WHO is the major policy holder in response to alcohol harm, although the recent involvement of the UN via its focus on the NCD epidemic and the establishment of the SDGs has provided an important cross cutting response to harmful use of alcohol. The WHO response, after a long period of no attention, was in the form of the global strategy to reduce the harmful use of alcohol, endorsed by the WHA in 2010. However, few resources were committed , the global strategy is a list of potential strategies not a binding treaty and little effective impact has been seen particularly in LMICs.
A key issue in the UN context has been the lack of adequate response to conflict of interest. The WHO Framework for Engagement with Non State Actors is silent on alcohol. Calls for a Framework Convention on Alcohol Control (FCAC), which would crucially include an equivalent clause to 5.3 of the Framework Convention on Tobacco Control (FCTC), that limits tobacco industry involvement, were common in the years prior to the global strategy.
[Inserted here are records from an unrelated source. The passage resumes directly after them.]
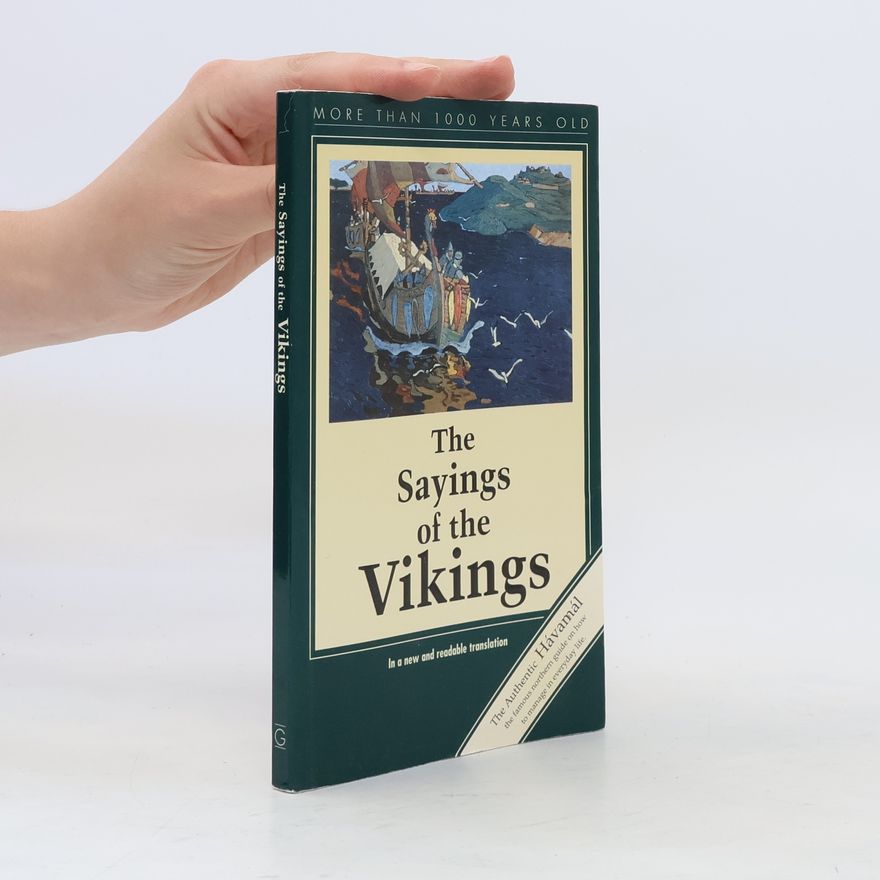 Hávamál The Sayings of the Vikings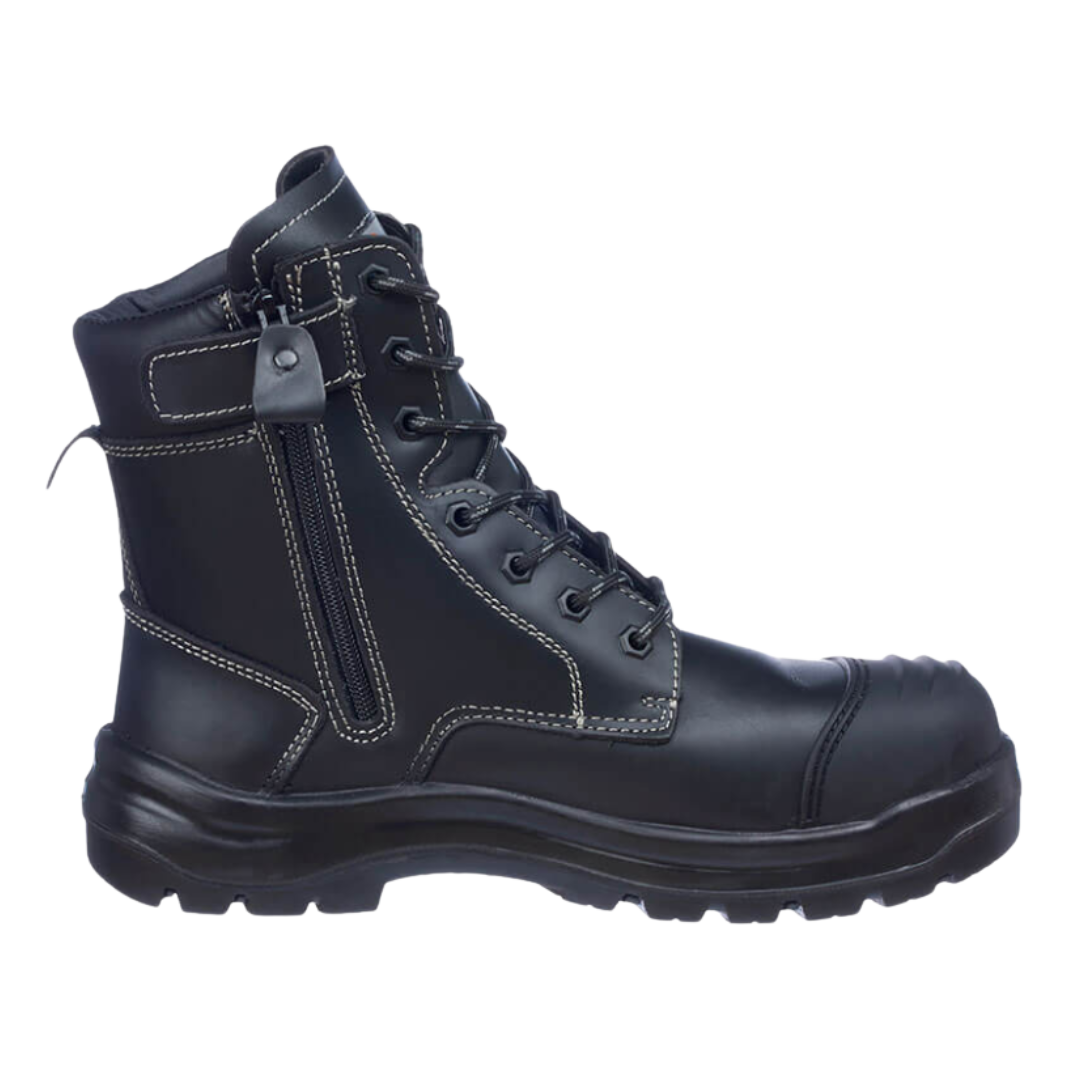 Black Eden Safety Boot , S3 High
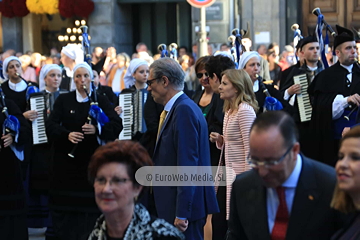 Ceremonia de entrega de los Premios Princesa de Asturias 2017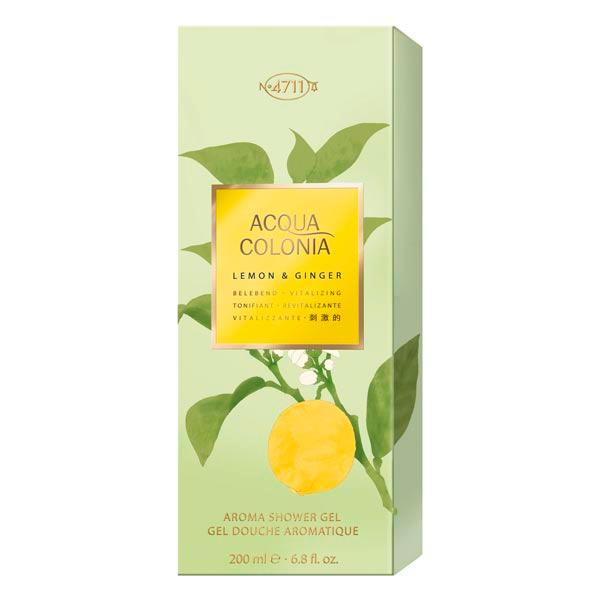 4711 Acqua Colonia Lemon & Ginger Aroma Shower Gel 200 ml - 2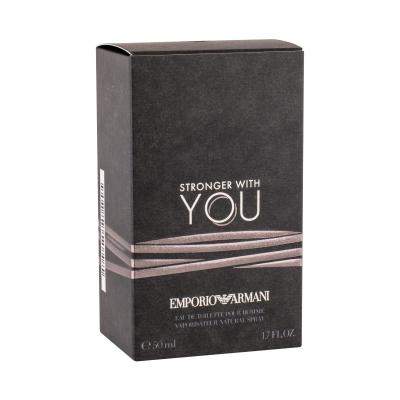 Giorgio Armani Emporio Armani Stronger With You Eau de Toilette für Herren 50 ml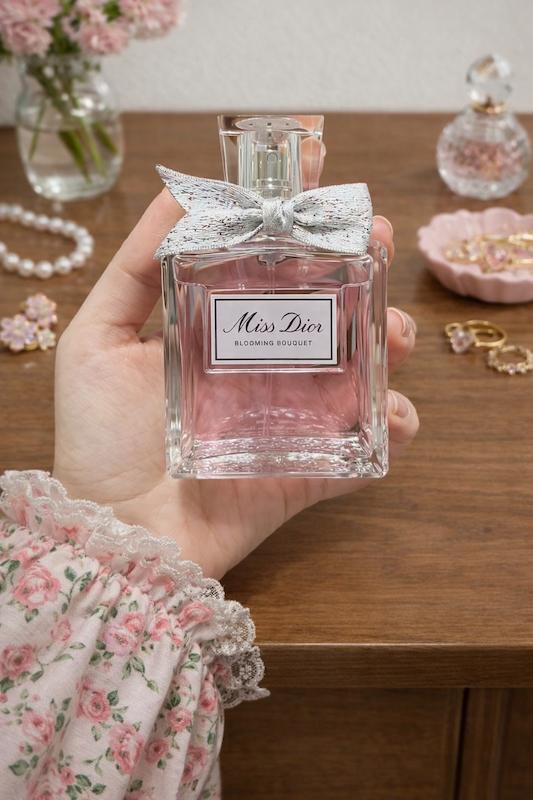عطر ادکلن میس دیور بلومینگ بوکه-صورتی | Miss Dior Blooming Bouquet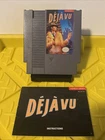 Deja Vu (Nintendo Entertainment System, 1990) With Manual
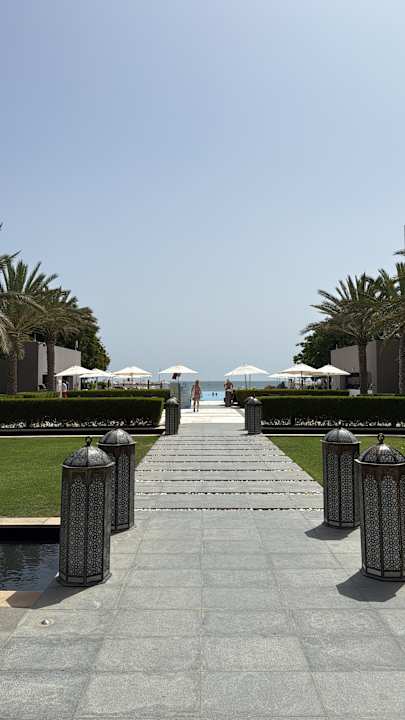 Pool Kempinski Hotel Muscat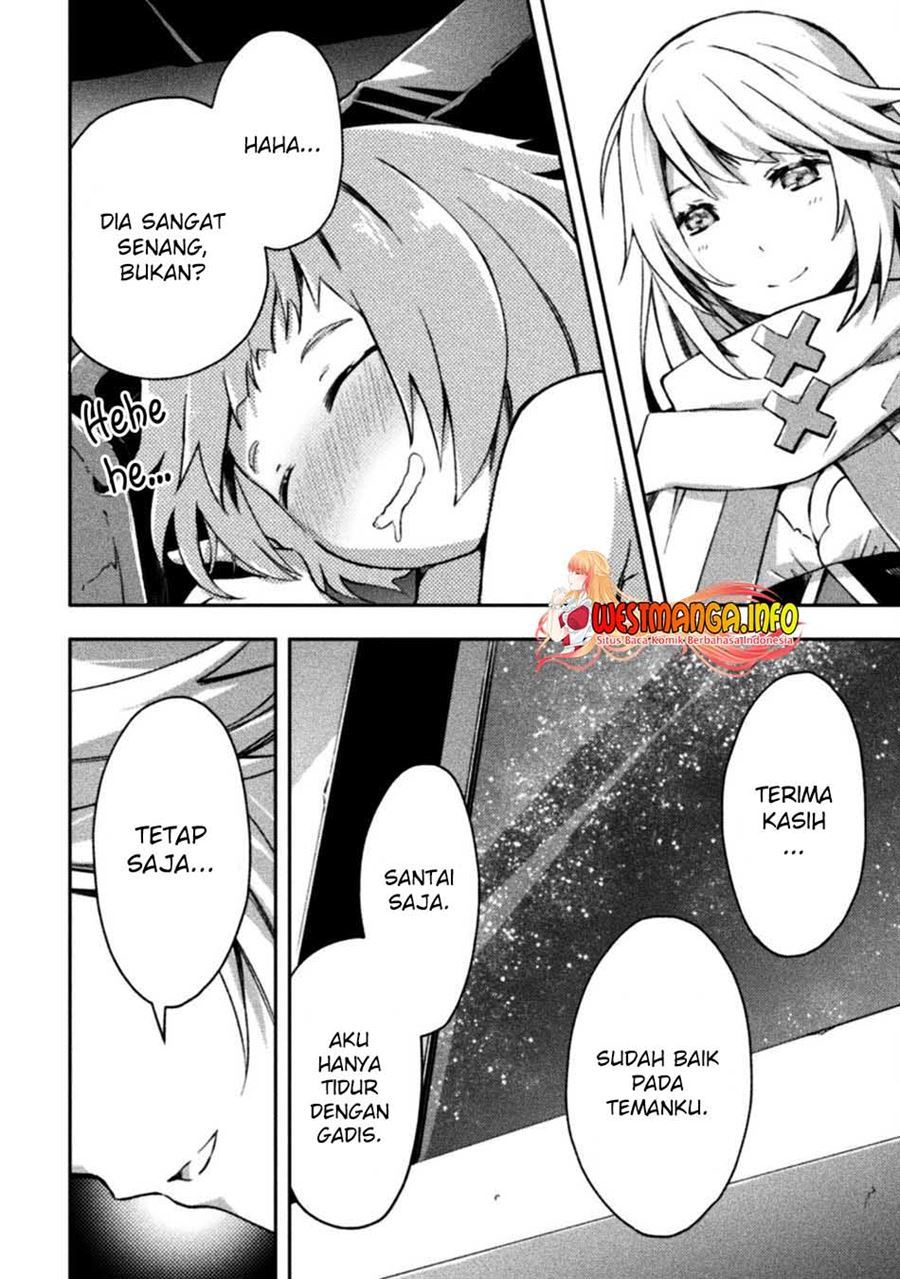 Dungeon Kurashi No Moto Yuusha — Chapter 34, halaman 17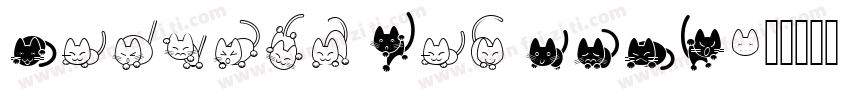 Barking Cat DEMO字体转换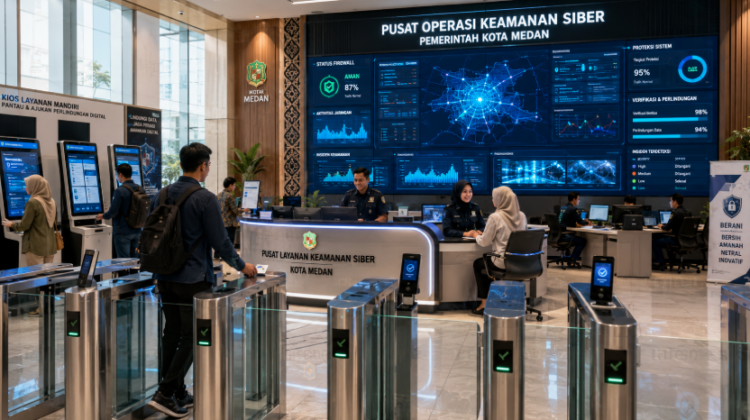 Optimalisasi fungsi Sistem Keamanan Digital melalui penyediaan sistem monitoring lalu lintas data elektronik guna meningkatkan efisiensi pemanfaatan sarana pusat transit keamanan and akuntabilitas sistem pemeliharaan berbasis digital terpadu di lingkungan instansi daerah pimpinan.
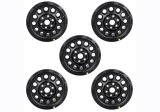 Ford Racing 21-24 Bronco 17in x 8.0in Matte Black Wheel Kit thumbnail 1
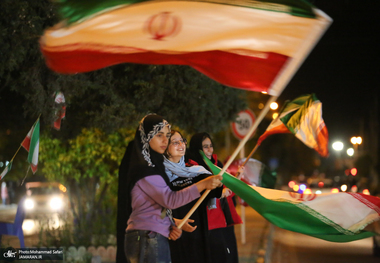 چهل و پنجمین شب اجتماع پر شور مردم در شهرستان فسا 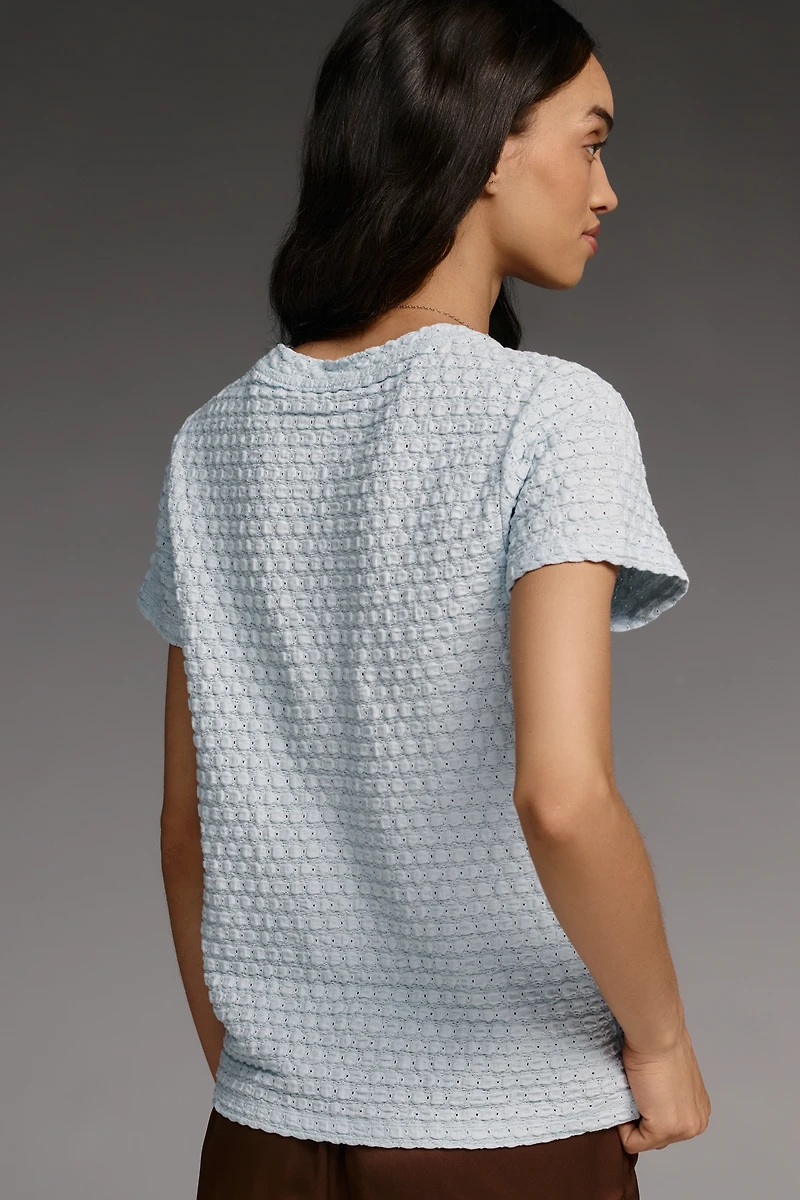 Sanctuary Plus Pucker Up Tee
Such calls died away after the global strategy endorsement; they have, however, begun to surface again, from academics, civil society and middle-income countries in the WHA.
The model provided by the FCTC seems particularly well suited to alcohol; while there are substantial differences between tobacco and alcohol in terms of the nature of the harms and the likely preferred end game, the similarities in business practices are substantial. There is no level of alcohol use completely without risk and the much publicised benefits to cardiovascular health of alcohol are as irrelevant to a policy response aiming to reduce harm as are the health benefits of tobacco.
Crucially, there is a need for an international treaty to respond to cross border promotion of alcohol, especially potent in the digital media, and the trade and economic treaties which privilege the corporations. The drivers of harmful use of alcohol and tobacco are the same: oversupply, marketing and affordability and an FCAC would look very similar to the FCTC with some additional requirements to address intoxication effects, for example, licensed hours of sale and preventing traffic crash .
The TNACs have no global and limited national restraints on their activities. Their expansion into the emerging markets of middle-income countries and reliance for profits on harmful alcohol use presents a clear and urgent threat to global health. As they report to their shareholders, they are currently succeeding in mitigating threats to their sales by subverting the development and implementation of effective alcohol policy. A global response to prevent marketing, over supply, inappropriate affordability and industry interference in policy is urgently required.
Whether the conditions that created the establishment of the FCTC, including a champion within the UN system, are likely to prevail in the current context is unclear. An FCAC is the TNACs’ worst nightmare and strong resistance from them and the member states which represent their interests is to be expected. However, the FCTC was once an unlikely aspiration and provides a valuable precedent for those concerned about the global health risk from the largely unregulated marketing and distribution of alcohol.